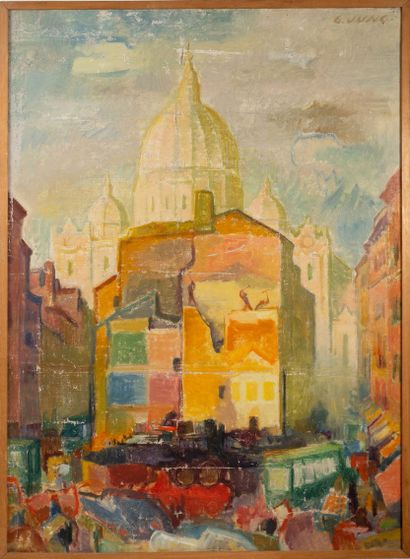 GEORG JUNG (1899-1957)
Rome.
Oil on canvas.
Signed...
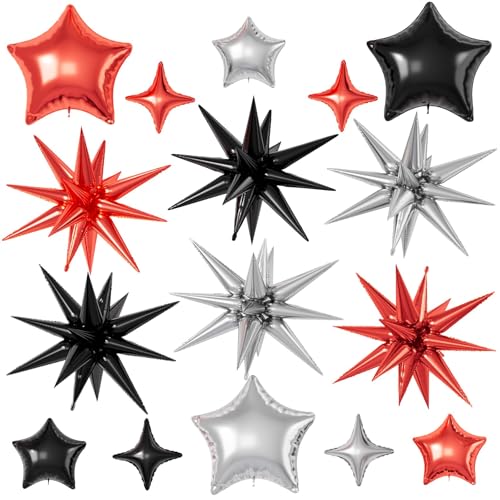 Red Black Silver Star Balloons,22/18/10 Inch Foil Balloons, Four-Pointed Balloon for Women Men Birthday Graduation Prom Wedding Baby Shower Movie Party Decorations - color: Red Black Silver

...

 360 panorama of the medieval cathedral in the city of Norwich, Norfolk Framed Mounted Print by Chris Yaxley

#### Work order:
From the records above, output only the lines starting at the one containing "Oil on canvas." and ending at the one containing "Red Black Silver Star", word for word. Pictures stay out.

#### Expected output:
Oil on canvas.
Signed...
 Red Black Silver Star Balloons,22/18/10 Inch Foil Balloons, Four-Pointed Balloon for Women Men Birthday Graduation Prom Wedding Baby Shower Movie Party Decorations - color: Red Black Silver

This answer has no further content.